Scalar Curvature, R, for Dummies

[Farina]

Is it possible to explain, in one or two paragraphs, what the scalar curvature, R, is as it applies to General Relativity (the Einstein Field Equation, specifically?).

This needs to be understandable to a high school AP-C physics student.

Signed,
Me - the high school AP-C physics student.

This isn't a homework question. I started trying to picking apart the EFE a few weeks ago during my open study hour.

 

[bcrowell]

Interesting question. Although the Riemann curvature tensor is mathematically more complicated (a rank-2 tensor), I actually find it easier to interpret than the scalar curvature. If any other PF members have a good, succinct interpretation of the scalar curvature, I'd be interested to hear it.

 

[Naty1]

Looking for a dummy?? Here I am!...While the question is still above my pay grade, so maybe I'm "sub dummy", I'm listening to Susskind's online lectures for GR so oddly it's an interesting one...

There seem to be some really good (read that as "even I can understand them") descriptions here: http://en.wikipedia.org/wiki/Scalar_curvature

...the scalar curvature represents the amount by which the volume of a geodesic ball in a curved Riemannian manifold deviates from that of the standard ball in Euclidean space

When the scalar curvature is positive at a point, the volume of a small ball about the point has smaller volume than a ball of the same radius in Euclidean space. On the other hand, when the scalar curvature is negative at a point, the volume of a small ball is instead larger than it would be in Euclidean space.
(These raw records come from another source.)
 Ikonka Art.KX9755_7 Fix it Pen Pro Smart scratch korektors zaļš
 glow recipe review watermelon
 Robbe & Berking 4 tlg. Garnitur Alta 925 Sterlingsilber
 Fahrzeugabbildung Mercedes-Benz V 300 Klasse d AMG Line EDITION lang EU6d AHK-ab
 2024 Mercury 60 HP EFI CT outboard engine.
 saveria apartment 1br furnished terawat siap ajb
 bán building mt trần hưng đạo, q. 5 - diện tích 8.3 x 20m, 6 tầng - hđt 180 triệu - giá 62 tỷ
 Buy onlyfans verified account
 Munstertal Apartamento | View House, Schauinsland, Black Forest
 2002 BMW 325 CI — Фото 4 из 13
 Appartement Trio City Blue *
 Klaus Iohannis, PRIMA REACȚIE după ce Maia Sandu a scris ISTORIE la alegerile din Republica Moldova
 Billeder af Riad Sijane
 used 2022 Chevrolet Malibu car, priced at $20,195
What do you experts think??

 

[bcrowell]

There seem to be some really good (read that as "even I can understand them") descriptions here: http://en.wikipedia.org/wiki/Scalar_curvature

I think that interpretation only works in a space with a Euclidean signature.

 

[Naty1]

picky,picky,picky!

 

[Naty1]

Ben, on a more serious note, I just stumbled across this in some notes...and wondered if it might add to the reply to the poster...none of this is mentioned in the source I posted above:

"The Ricci tensor Rab only keeps track of the change of volume of this ball. Namely, the second time derivative of the volume of the ball is -Rabva vb times the ball's original volume. The Weyl tensor tells the REST of the story about what happens to the ball. More precisely, it describes how the ball changes shape, into an ellipsoid.

(I don't have the source, but will Check...maybe it was Wikipedia. Sounds like this must be limited to euclidean coordinates also,right??) )

In the comments previously posted, the change in volume is NOT related to any changes in coordinates from point to point, right??..Euclidean coordinates maintain the same shape and separation everywhere, so a volume change is a physical change not due to any changes in coordinates... But if we used curvilinear coordinates with changing relationships over a manifold, then we get coordinate changes mixed up with manifold changes...so the "volume" change has a mix of causes?? Is that the idea...

 

[bcrowell]

Hi, Naty,

The issue isn't Cartesian versus non-Cartesian coordinates, it's Euclidean signature (+++) versus Lorentzian signature (+---). Signature refers to the set of plus and minus signs in the metric.

In a space with a Euclidean signature (known as a Riemannian space), the scalar curvature has a nice, simple geometric interpretation, as given in the WP article. In a space with a mixture of + and - in its signature (known as a semi-Riemannian space), I don't know of any simple geometric interpretation.

-Ben